What's wrong with the EPA?
If you’re wondering why this nation’s environmental laws aren’t implemented coherently or consistently, grab David Schoenbrod’s latest, Saving Our Environment from Washington.
From a Natural Resources Defense attorney turned Yale law professor, the book is part memoir, part manifesto. And considering the potentially boring topic, Schoenbrod does an excellent job of explaining how laws such as the Clean Air Act came into being, what’s happened to them in the past 35 years, and how they could be more effective.

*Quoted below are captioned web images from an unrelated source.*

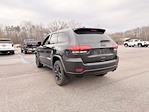 2022 Jeep Grand Cherokee WK RWD SUV for sale #171234XB - photo 9
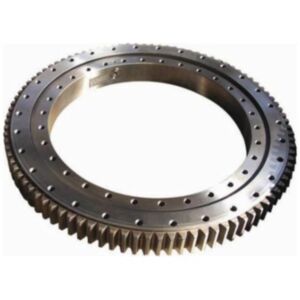 BUY Swing Gear VOE14563328 for Volvo EC210B EW180B EW200B Excavator for sale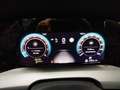 Volkswagen Golf VIII 1.5 eTSI DSG R-Line Navi IQ.Light DAB+ Blau - thumbnail 8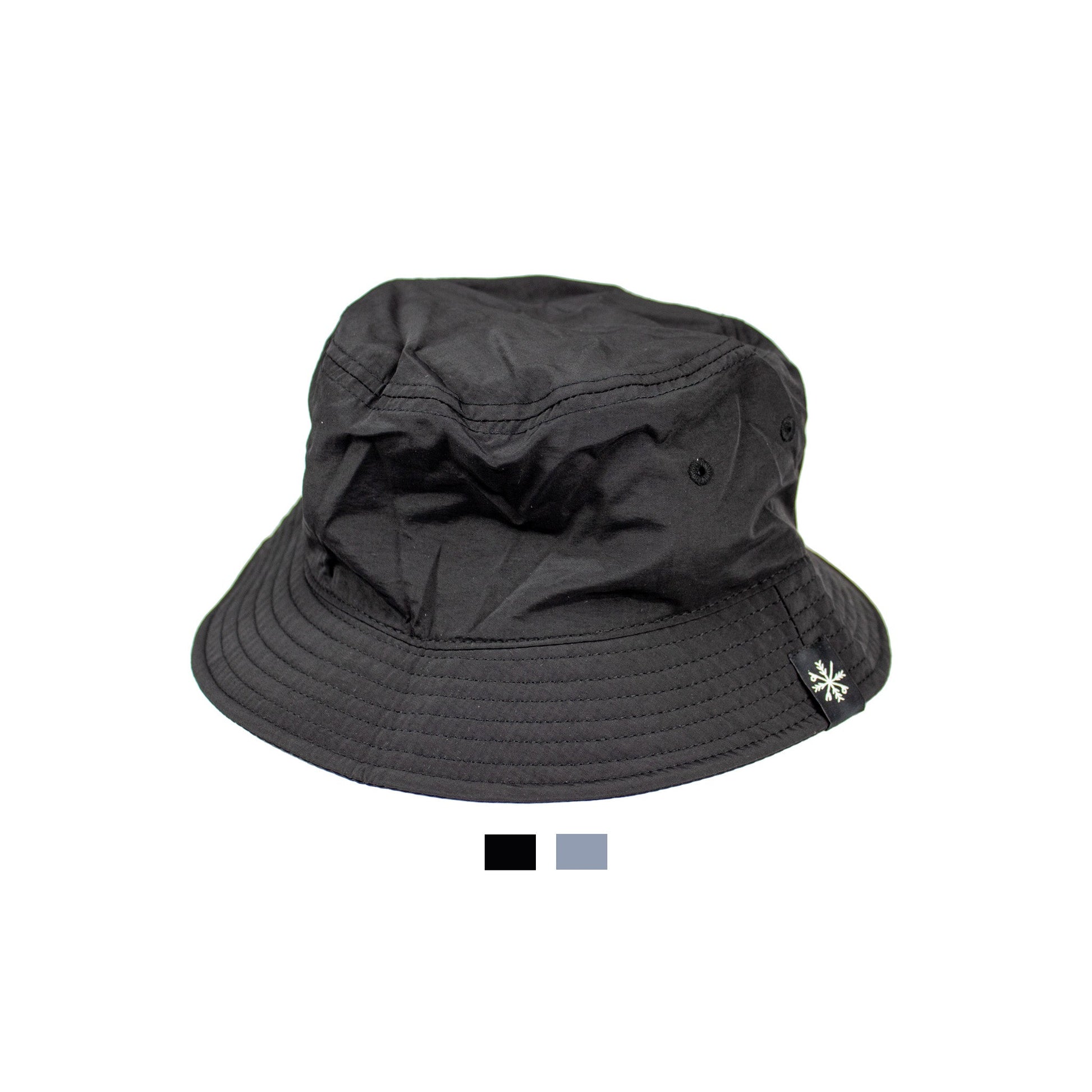 Hvnly Bucket Hat - HvnlyDaze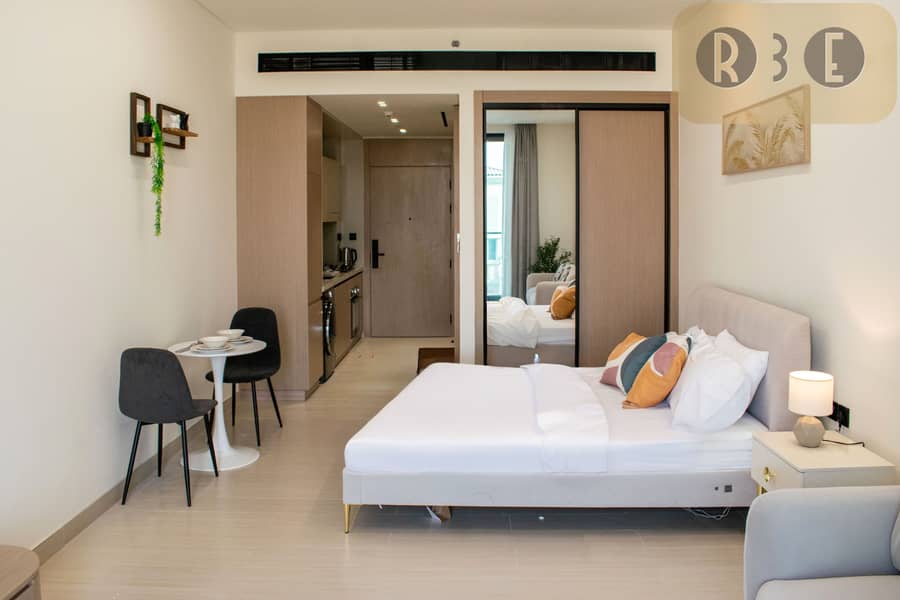 12 Untitled design (1). jpg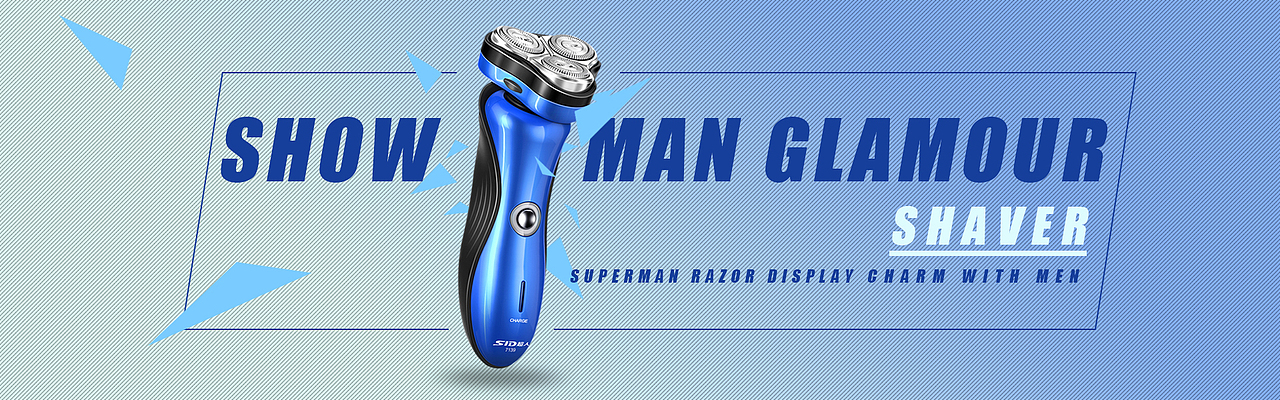 简洁海报大气海报个性海报高逼格海报海报banner创意海报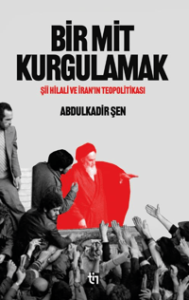 Bir Mit Kurgulamak Bir Mit Kurgulamak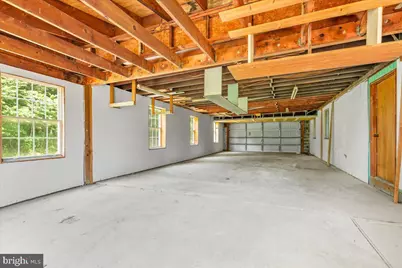 13701 Dawson Beach, Woodbridge, VA 22191 - Photo 16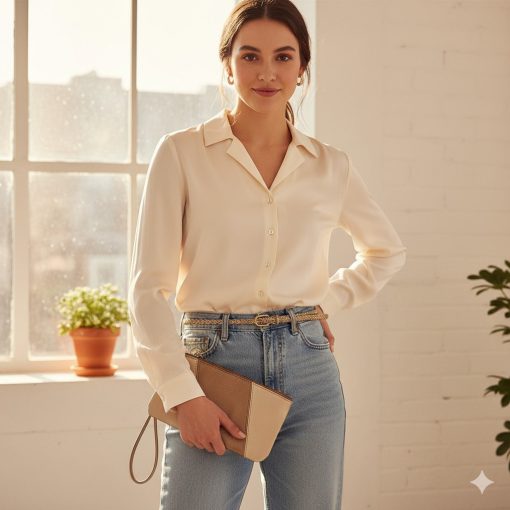 Luna variálható kistáska 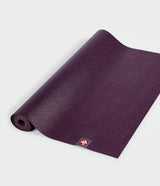 Mat o Tapete de Yoga EKO Superlite de Viaje, marca Manduka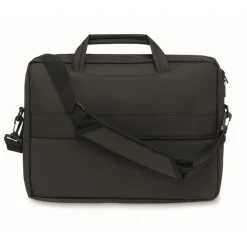 Gift Campaign Cartella con tasca imbottita PC 15'' con manici e tracolla regolabile></noscript> Borse Porta Pc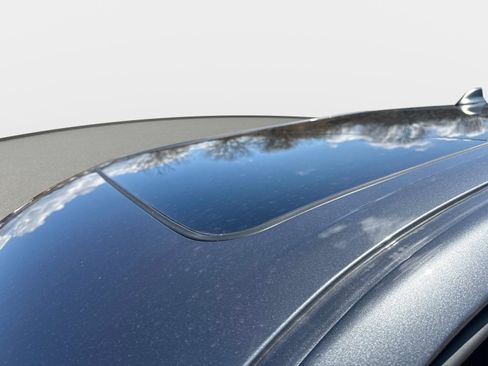 New 2026 Toyota Tundra Limited AWD/4WD image 29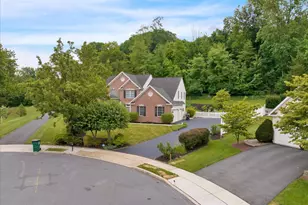 480 Pathfinder Dr, Birdsboro, PA 19508 - Photo 80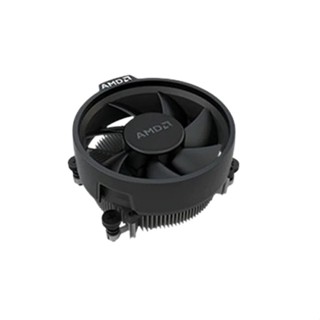 Jual PROCESSOR AMD AM5 Ryzen 7 8700F Tray + Fan Ori Resmi 8C 16 4.1Ghz ...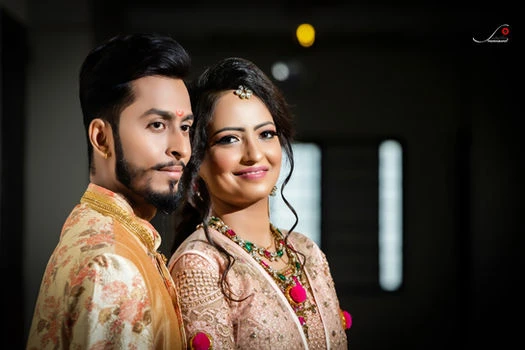 Portfolio image 2 for Yuganter Studio, a photographer in Ratlam specializing in traditional, fine art, vintage, candid, artistic, drone, photojournalistic, black and white, lifestyle.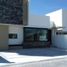 3 Schlafzimmer Haus zu verkaufen in Queretaro, Queretaro, Queretaro, Queretaro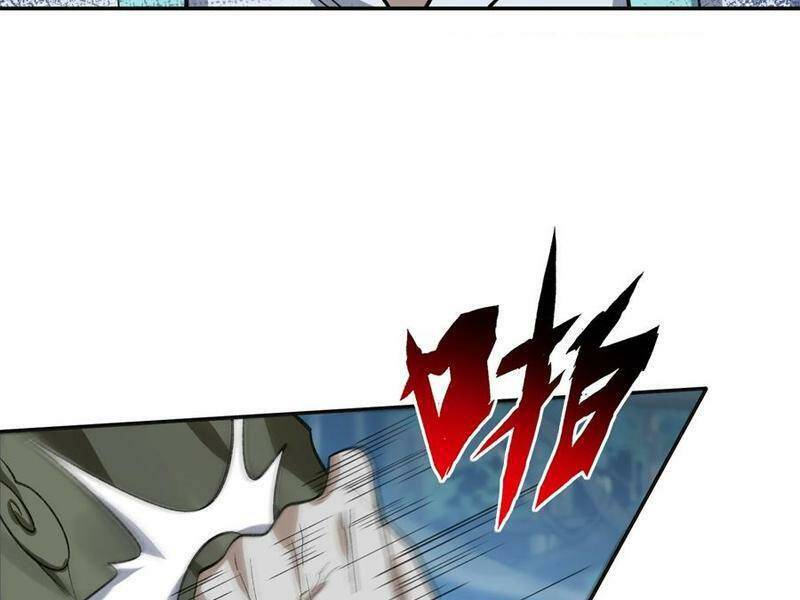 Ta Ở Tu Tiên Giới Chỉ Làm Giờ Hành Chính - Chapter 45 - Page 28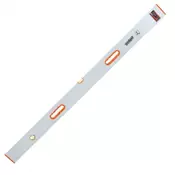 GADGET LIBELA 2500MM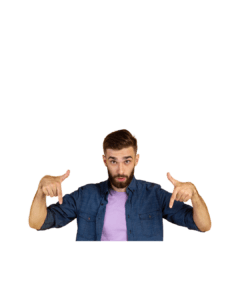 elvador acessibilidade 20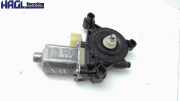 Motor Fensterheber (tür vorn) Links 5Q0959801C Cupra Leon 2.0 TSI DSG Leon Limousine
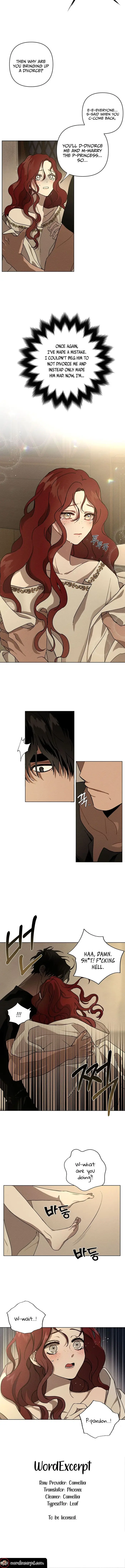 Under the Oak Tree    Chapter 4 image 11_optimized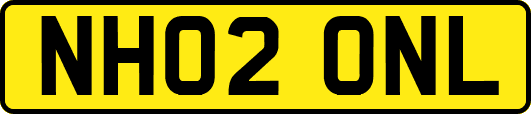 NH02ONL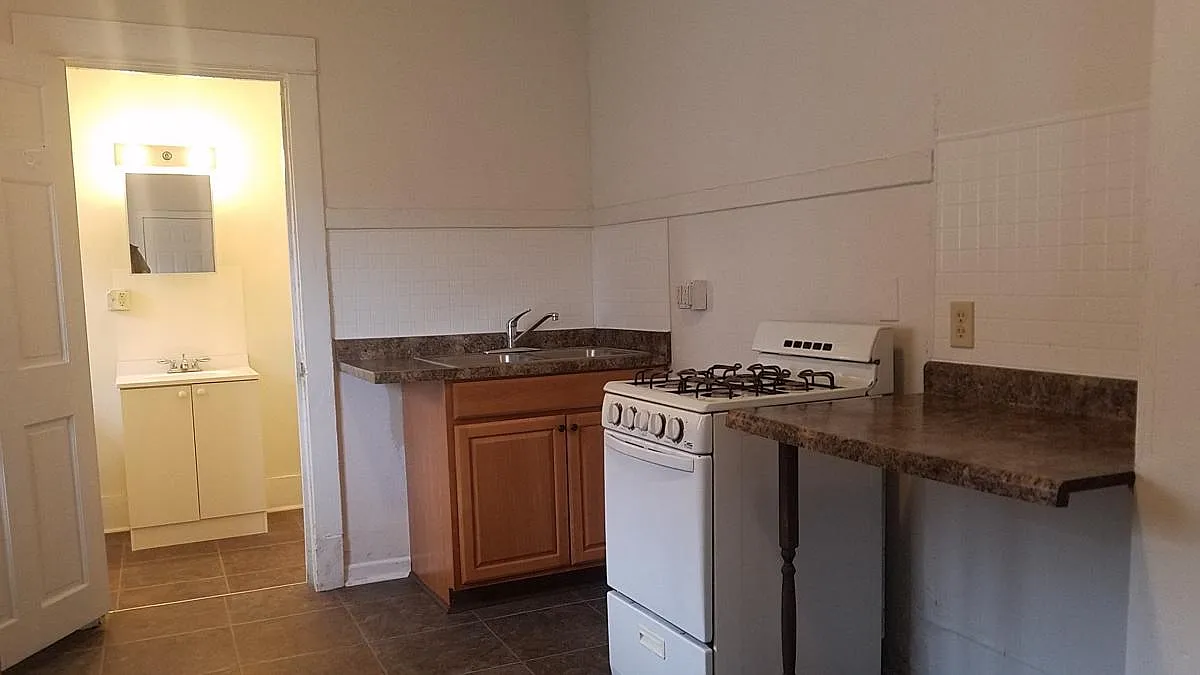 2020 54th St #5323-U photo 1
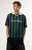 Pacsun Men's World Champs Soccer Jersey - 0180611140073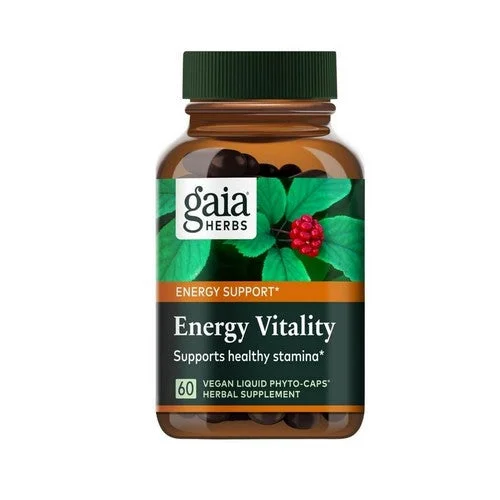 greensnutrition3377991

According to Schoenbrod, when Congress created the U.S. Environmental Protection Agency, it gave the agency an extraordinary amount of responsibility, but very little power. He cites lead as an example: "Only by delegating their lawmaking responsibilities to the EPA could legislators take credit with voters for protecting health yet curry favor with the corporations that put lead in gasoline." The entire system would work better if those who set policy were accountable to the public, he says; that’s why lawmakers, rather than agency bureaucrats or political appointees, should be responsible for environmental policy.
Rather than delving into the Bush administration, Schoenbrod takes a long view of the agency — and his often-surprising perspectives prevent this book from becoming a Red versus Blue look at environmental protection. He explains why the agency relies more often on politics rather than science in its policy-making (because the science of describing risk is so uncertain, political decisions are easier to make than those based on science).
What keeps this book from becoming a rant is Schoenbrod’s basic optimism: In the end, it will be ordinary people, holding their lawmakers accountable, who protect the environment.
Saving Our Environment from Washington: How Congress Grabs Power, Shirks Responsibility and Shortchanges the People
304 pages, hardcover: $28. Yale University Press, 2005.